PDA

View Full Version : Regression Analysis


Dave Schwartz
01-08-2007, 01:07 PM
If I have two tables of rankings and I want to know which has the "smoother fit" what regression approach should I use?

Or is that even the right approach?


Dave
(Who has less interest in statistics and more in how to make a cyber cockroach.)

Greyfox
01-08-2007, 01:43 PM
I'm not a statistician, but if memory serves me right,
a statistician might ask:
1. Are you ranking different variables or one variable? (i.e. in each list of rankings are there big apples, medium apples, and small apples versus
big apples, big oranges, big pears, medium apples.....etc.)
2. what are you trying to "fit" your predictors to?

Dave Schwartz
01-08-2007, 02:17 PM
LOL

You guys sure know how to complicate a simple question (but thank you for taking the time to reply at all).
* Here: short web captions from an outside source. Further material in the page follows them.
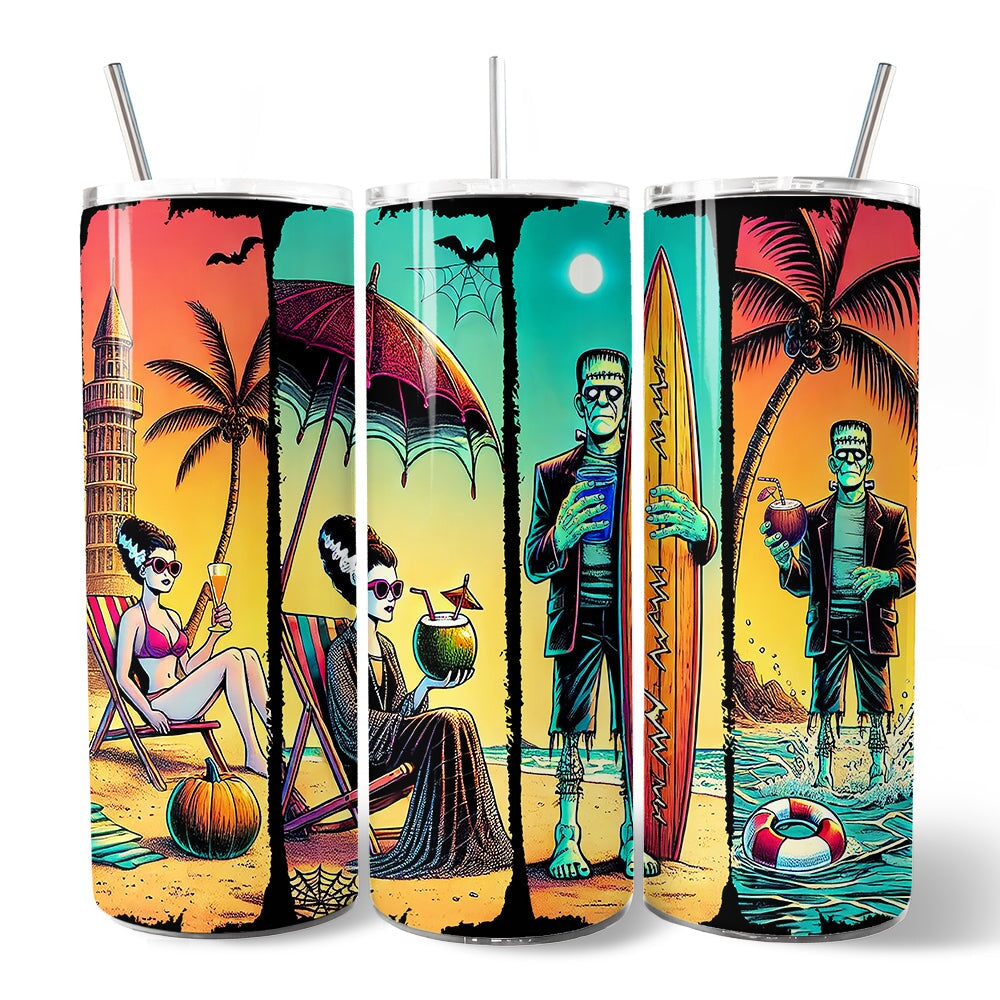 Frankenstein's Summer Beach Vacation 20oz Personalized Tumbler With Lid and Stainless Steel Straw, Retro Horror Neon Surf Gift Cup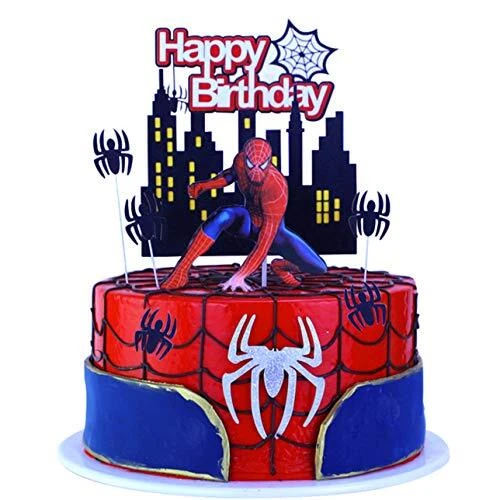 Spiderman Birthday Cake Toppers Kids Superhero Party Decorations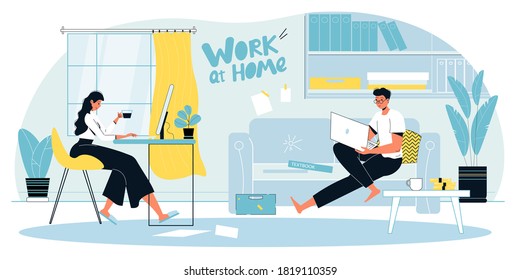 Man Woman Family Couple Enjoy Remote Work, Business Training Course At Home Office Workplace Landing Page Design Layout. Convenient Workspace. Self Employed People, Flexible Schedule Concept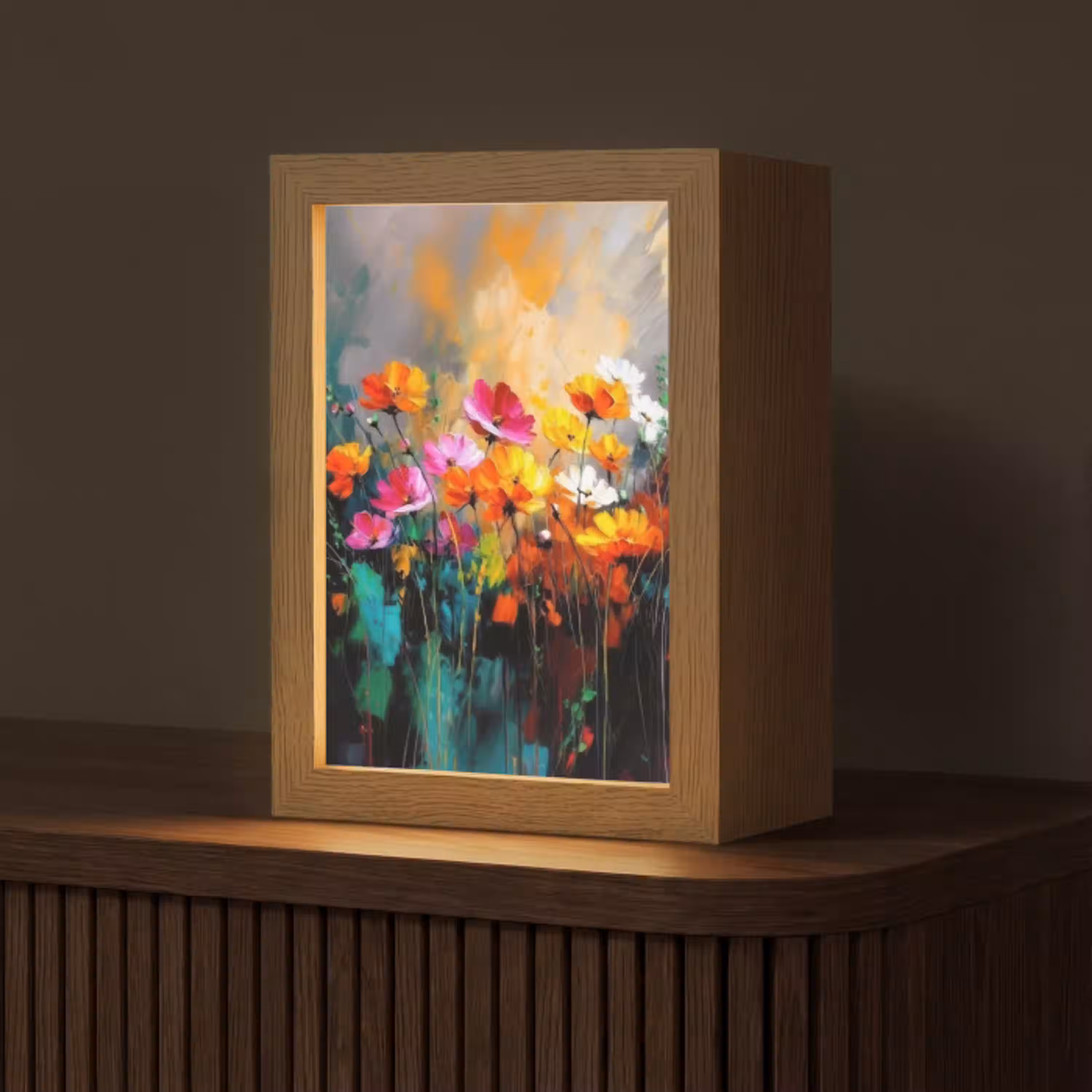 Felgekleurd - Bloemblaadjes - Abstract Light Box met kabel (Tafellamp) klein -z3d_website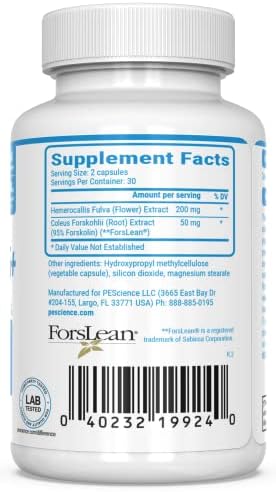 Cápsulas PEScience Forskolin-95+, 95% de Forskolina de Extracto de Coleus Forskohlii con Extracto de Hemerocallis Fulva, 50mg, 60 piezas - imagen 5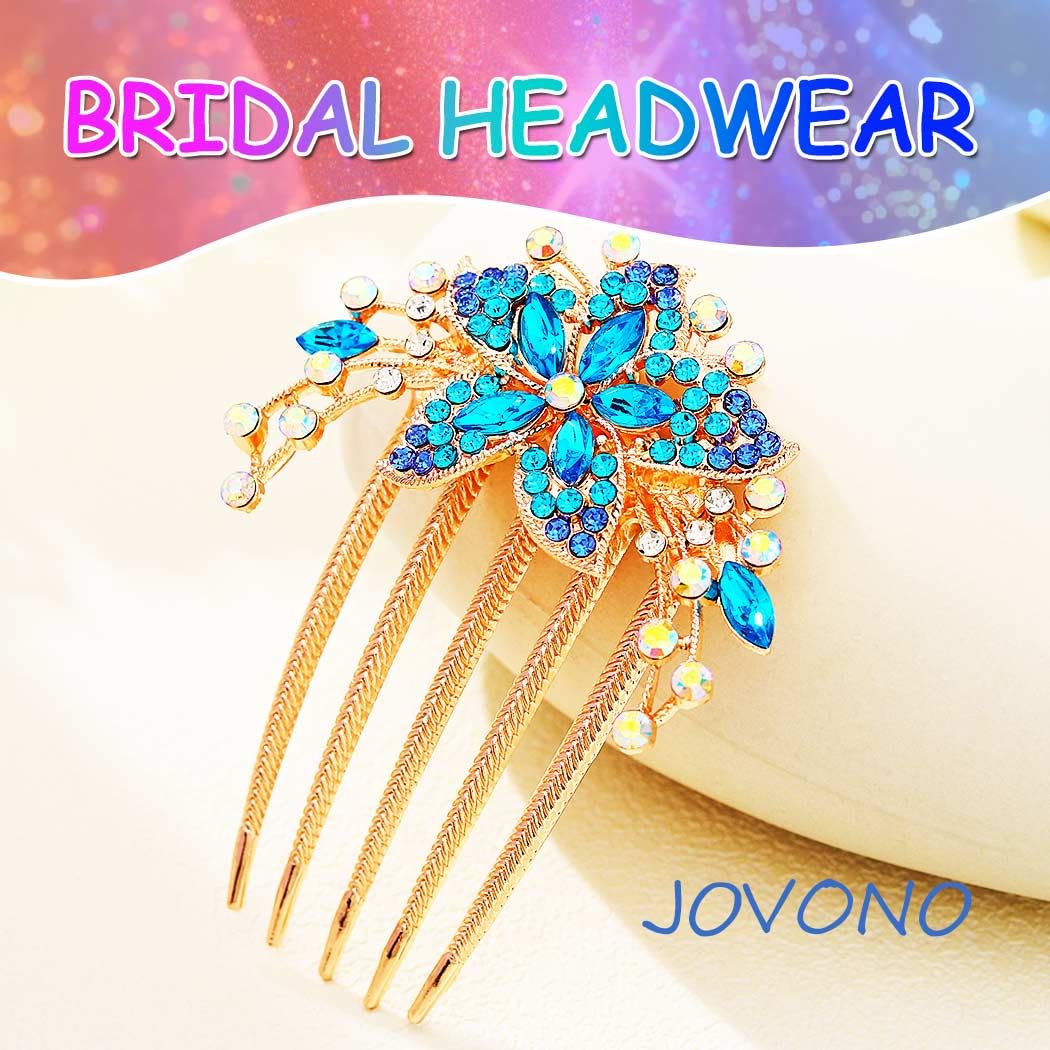 Jovono Rhinestone Bridal Hair Comb Gold Bride Wedding Flower Crystal Headpieces Vintage Hairpins for Women (Blue) - Image 4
And it is amazing what one can find in a Google search. While awaiting a simple answer I found what I was looking for and wrote the code to implement it.

I have an IV Table based upon rankings. I simply want to smooth the line because I think it will produce a better answer than the unsmoothed.



Dave

garyoz
01-08-2007, 02:23 PM
Dave, regression analysis theoretically requires ratio level data. You have ordinal (or maybe interval--depending on your assumptions of distribution of your rankings) level data (hierarchy of data levels: nominal, ordinal, interval, ratio). Ratio level requires a zero point. Can you use raw figures in the analysis?

Regression is really just an exercise in matrix algebra. One solution to using categorical level data is to use dummy variables (1=yes variable present, 2=no variable not present). But it works only for dichotomous categories (gender 1=male 0=not male, etc.) The 0 value drops the "not" category out of the model and you can measure for the effect and significance of one value of the dichotomous variable.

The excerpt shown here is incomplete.